WORK INSTRUCTIONS:
From the line that contains "image for item" down to the final line of the listing below, set down every line exactly, both ends included, and drop the pictures.

---- RECORDS FOR PROCESSING

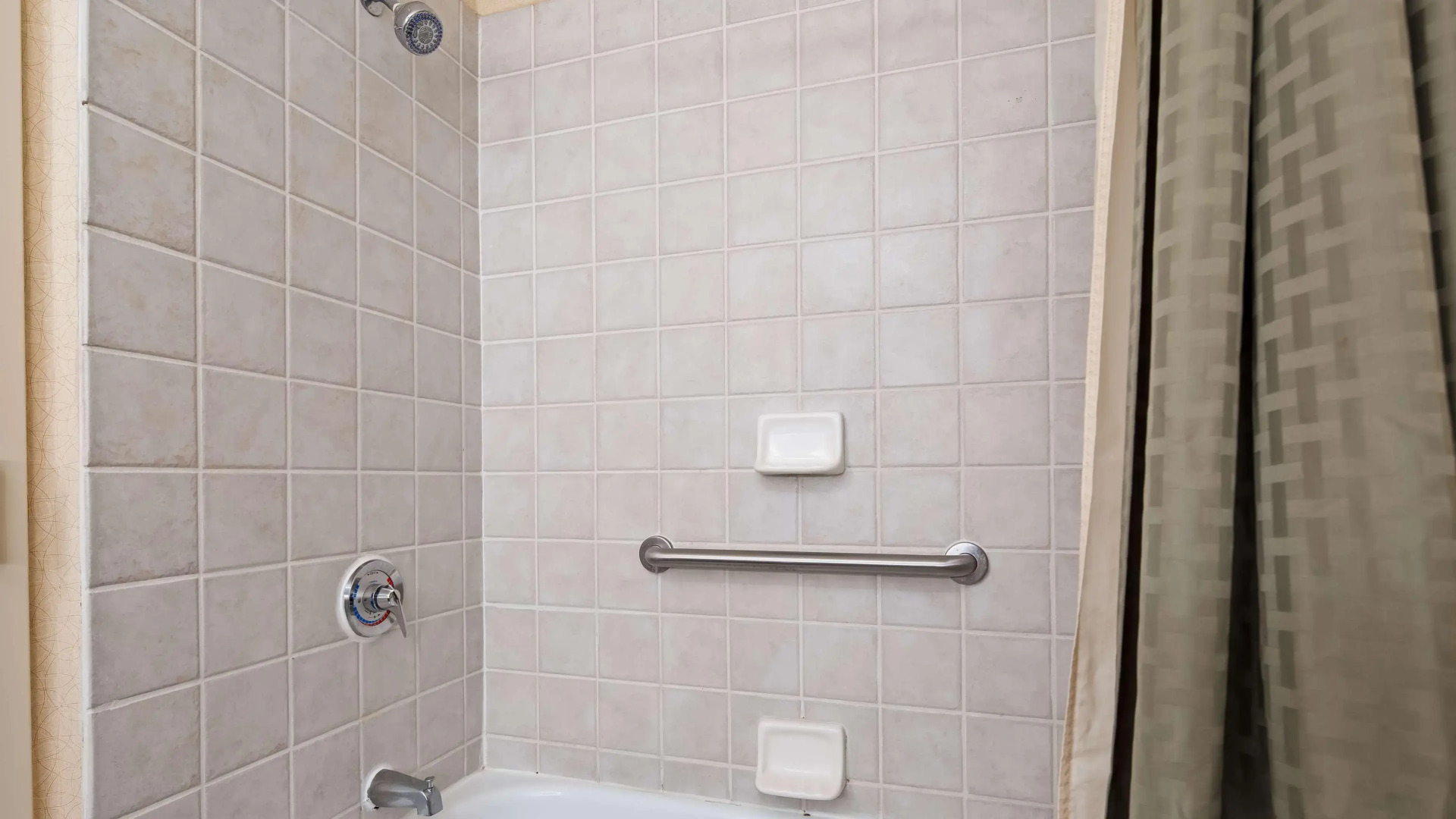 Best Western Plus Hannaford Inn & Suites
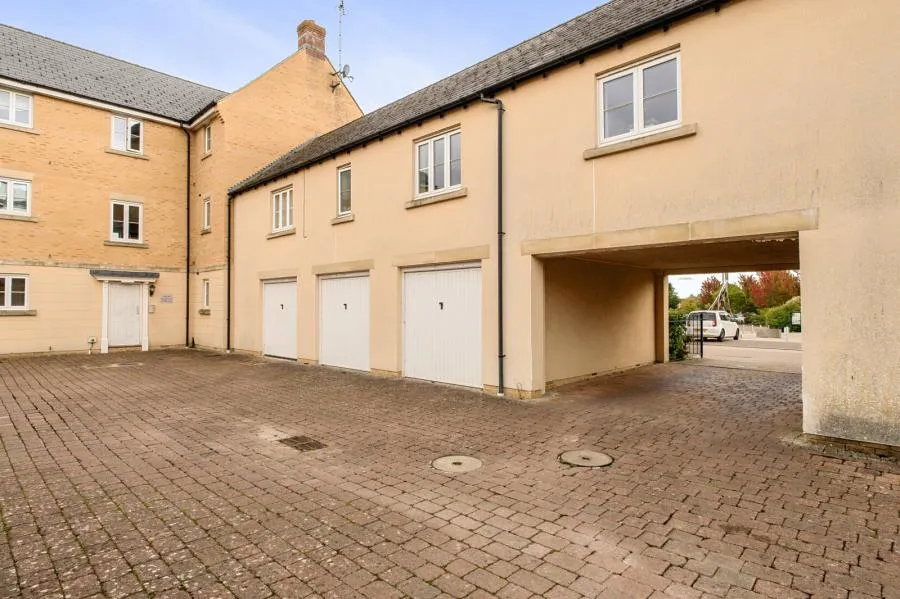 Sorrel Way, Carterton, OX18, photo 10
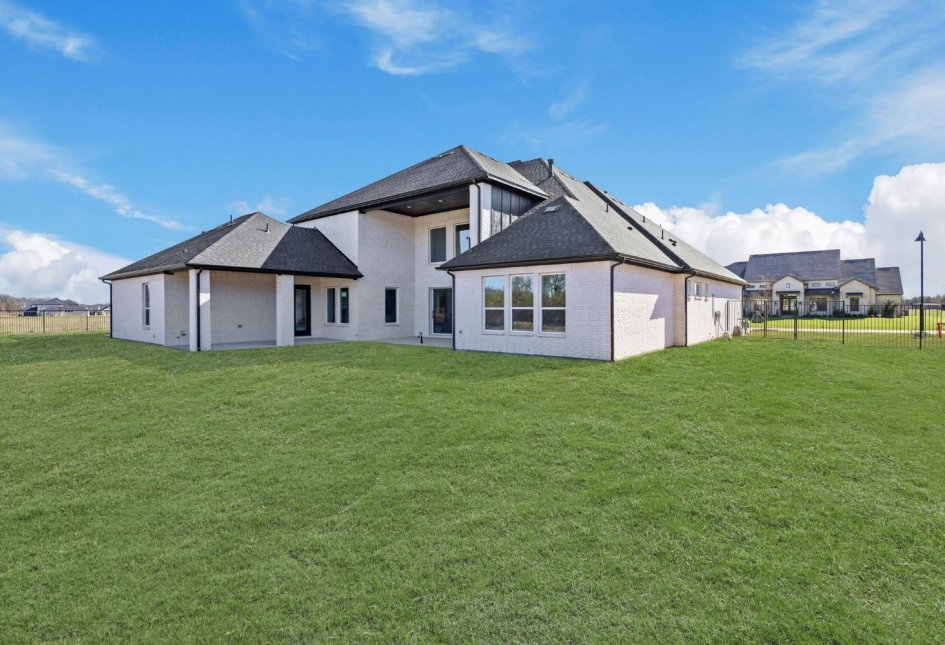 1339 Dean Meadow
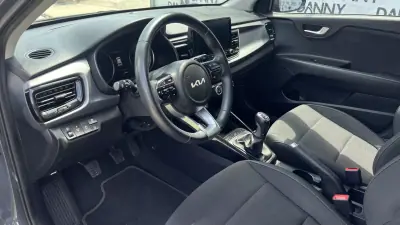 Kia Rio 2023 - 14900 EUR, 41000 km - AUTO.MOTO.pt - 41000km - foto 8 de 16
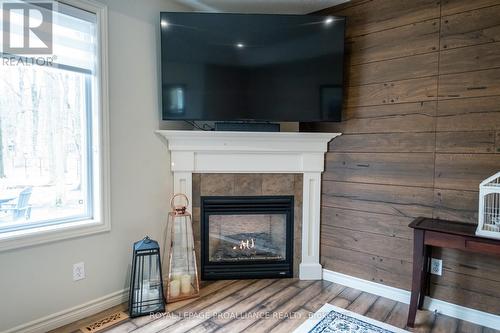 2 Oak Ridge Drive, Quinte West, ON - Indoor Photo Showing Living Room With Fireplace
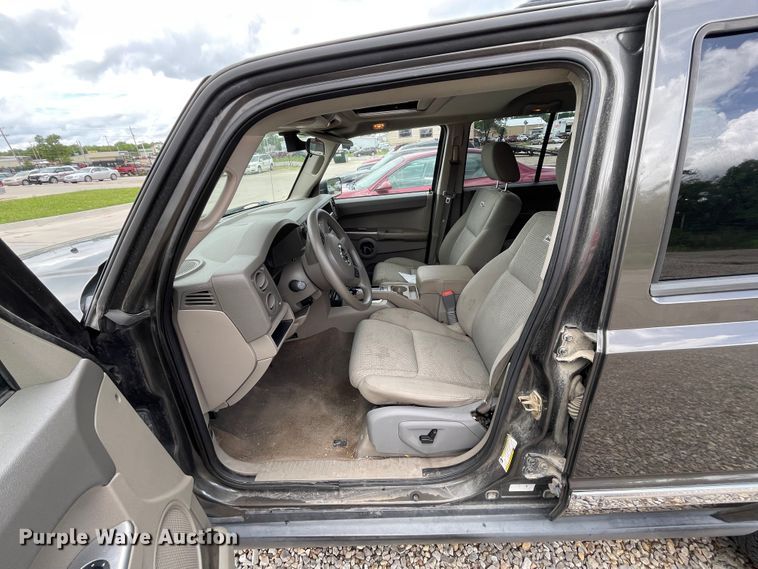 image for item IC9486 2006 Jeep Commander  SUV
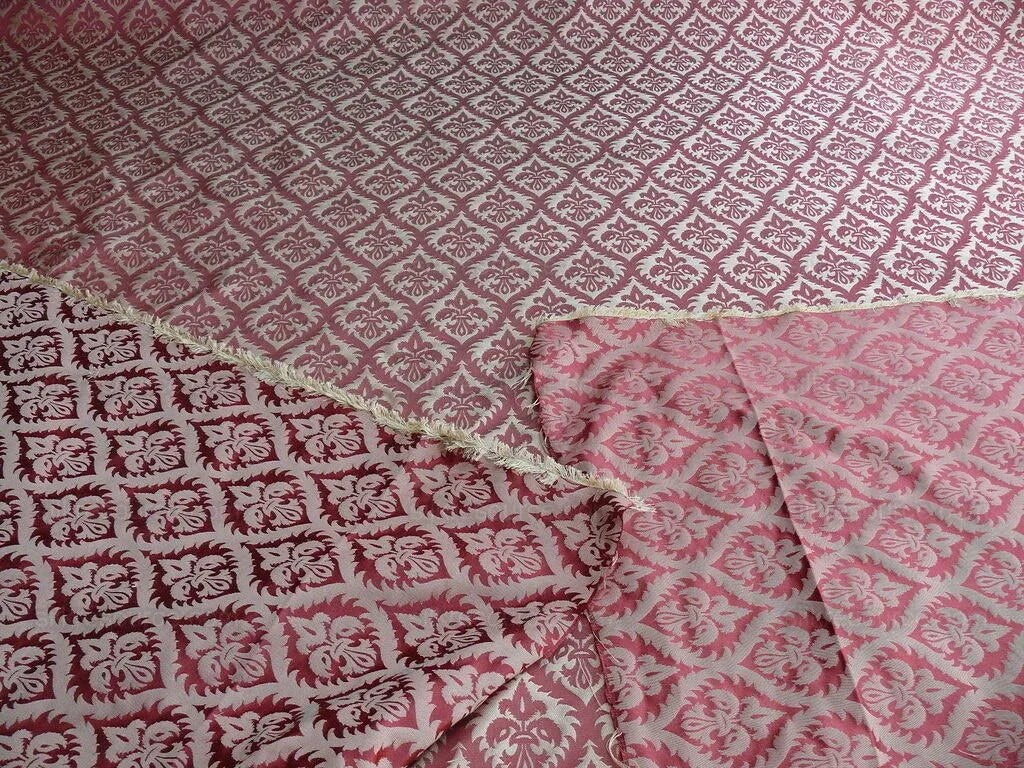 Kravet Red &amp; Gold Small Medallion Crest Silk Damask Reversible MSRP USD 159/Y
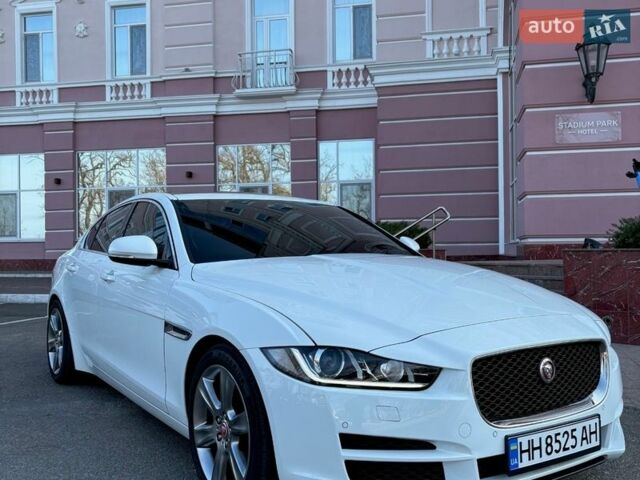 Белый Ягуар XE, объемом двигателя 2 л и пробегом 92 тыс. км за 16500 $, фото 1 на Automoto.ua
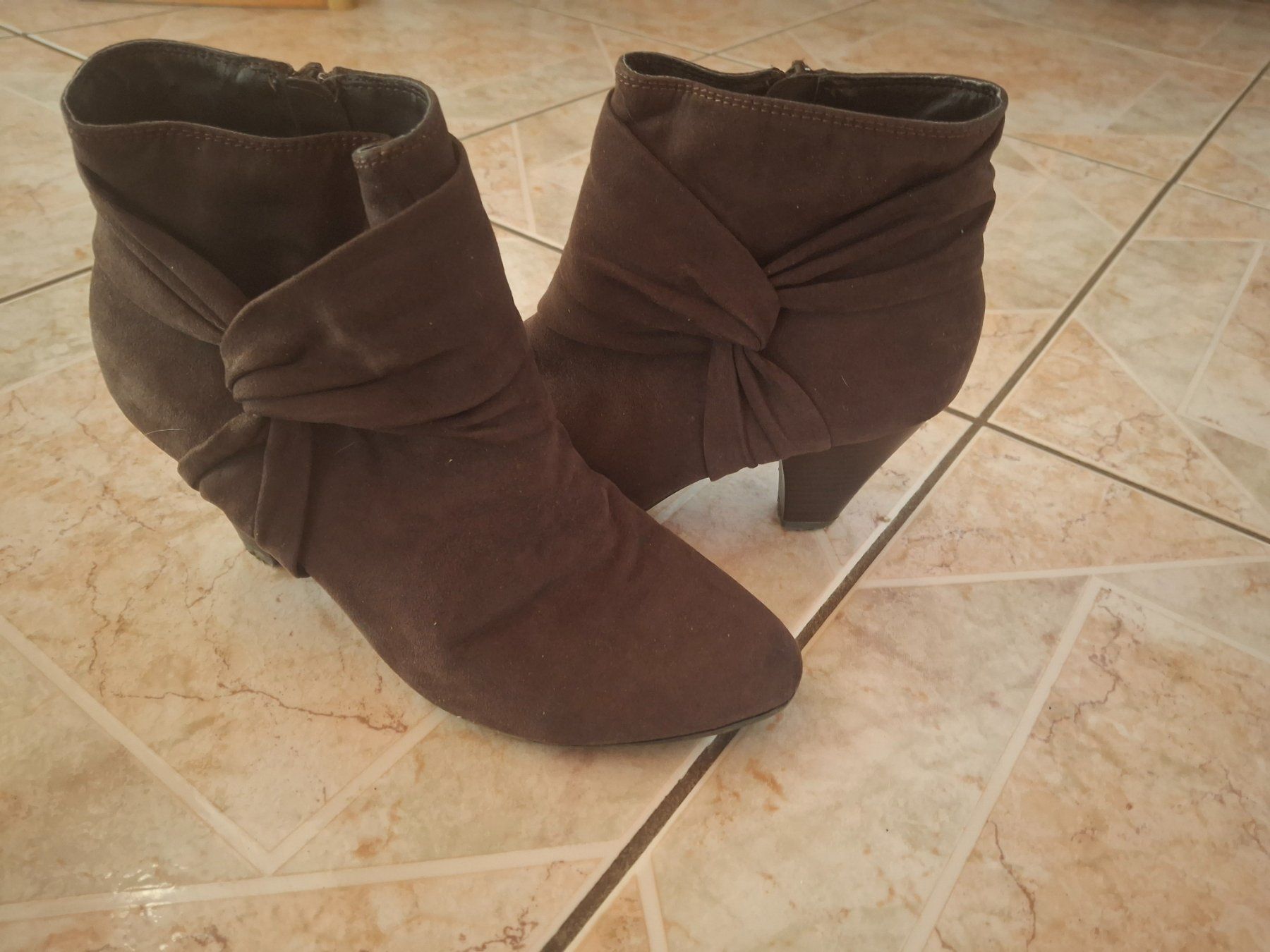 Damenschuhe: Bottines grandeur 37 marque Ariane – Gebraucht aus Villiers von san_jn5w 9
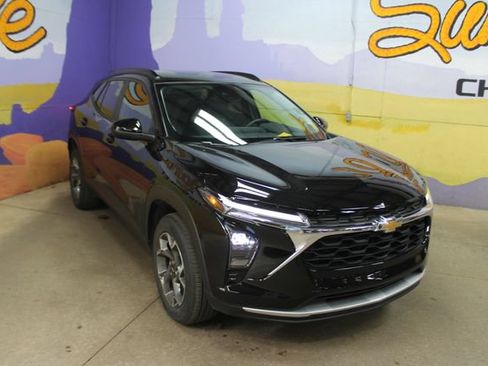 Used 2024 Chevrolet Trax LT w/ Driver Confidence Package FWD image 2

--------

REPLY TO THE EXERCISE:
 image for item IC9486 2006 Jeep Commander  SUV
 Kravet Red &amp; Gold Small Medallion Crest Silk Damask Reversible MSRP USD 159/Y
 Белый Ягуар XE, объемом двигателя 2 л и пробегом 92 тыс. км за 16500 $, фото 1 на Automoto.ua
 Damenschuhe: Bottines grandeur 37 marque Ariane – Gebraucht aus Villiers von san_jn5w 9
 Used 2024 Chevrolet Trax LT w/ Driver Confidence Package FWD image 2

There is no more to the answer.